Victor Buso of Argentina mounted his camera onto a 16-inch telescope and pointed it at a spiral galaxy around 80 million light-years from Earth. While taking photos of the NGC 613 galaxy for over an hour, he had captured the beginnings of the explosive death of a supergiant star, Live Science reports. In one photo, the space below the spiral galaxy was empty, and the next showed a sudden, bright blast of light.

Emerging supernovas have never been photographed before, and astronomers at the Instituto de Astrofísica de La Plata in Argentina say the chances of getting any are one in 10 million.

Buso shared his photos with other astronomers, and the next morning, telescopes had turned to document the star dying in a fiery blast.

Alex Filippenko, an astronomer at the University of California, Berkeley, said,

Professional astronomers have long been searching for such an event.
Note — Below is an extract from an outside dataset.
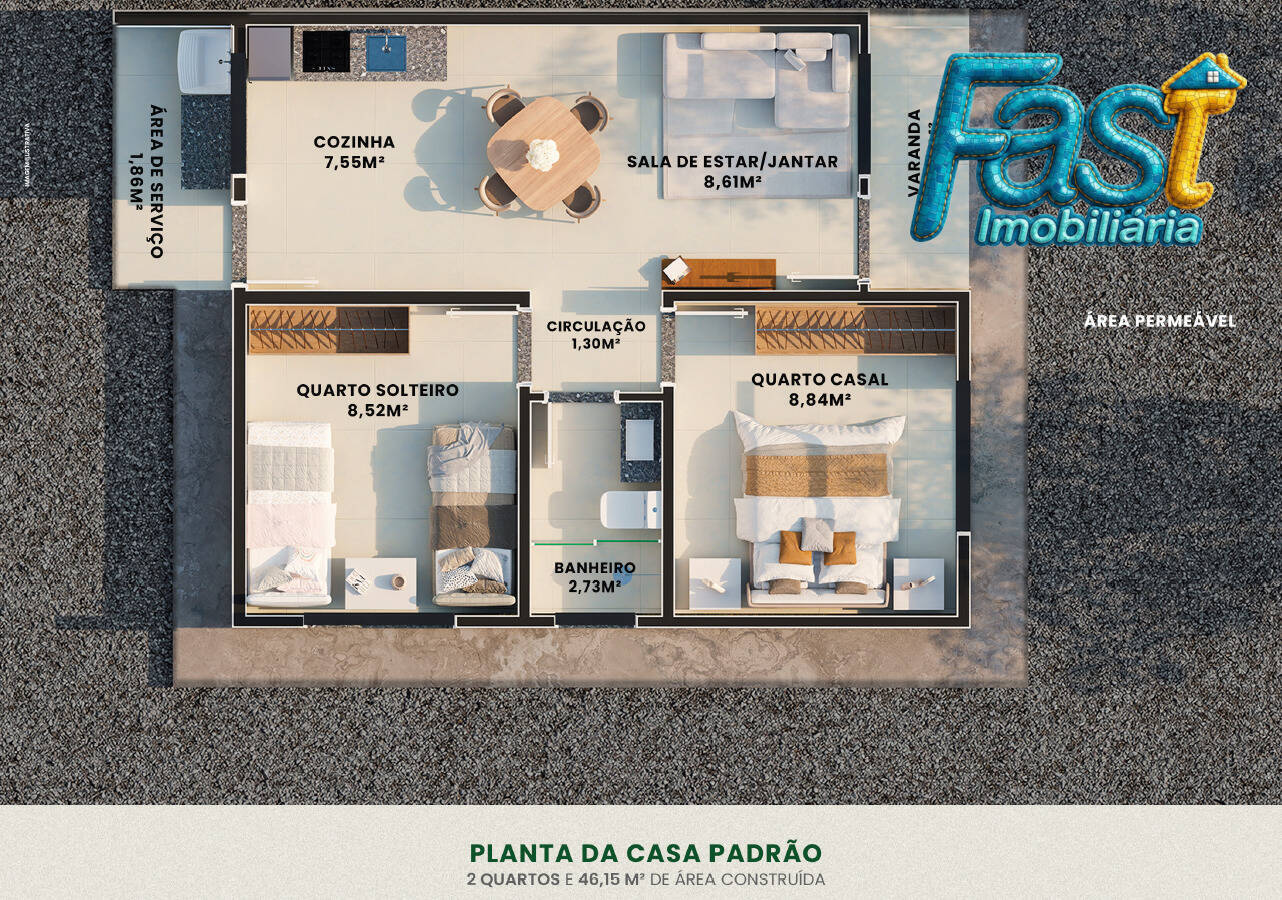Casa de Condomínio, 2 quartos - Foto 13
Observations of stars in the first moments they begin exploding provide information that cannot be directly obtained in any other way.

Filippenko did follow-up research on the star.

The supernova Buso documented was a Type IIb, scientists determined, meaning that the star’s core most probably collapsed after losing too much hydrogen and helium to another star. Once a star’s core collapses, it expels a powerful wave of pressure outward in a storm of energy that is visible across the electromagnetic spectrum. Sometimes, these explosions can last for months, even years.

Buso captured the first ever images of a supernova “shock breakout.” This is the first observable evidence of supernova behavior that has otherwise been purely theoretical, researchers say. Initial analysis of this supernova appears to confirm how scientists believed such a breakout would happen.

The study was published in Nature.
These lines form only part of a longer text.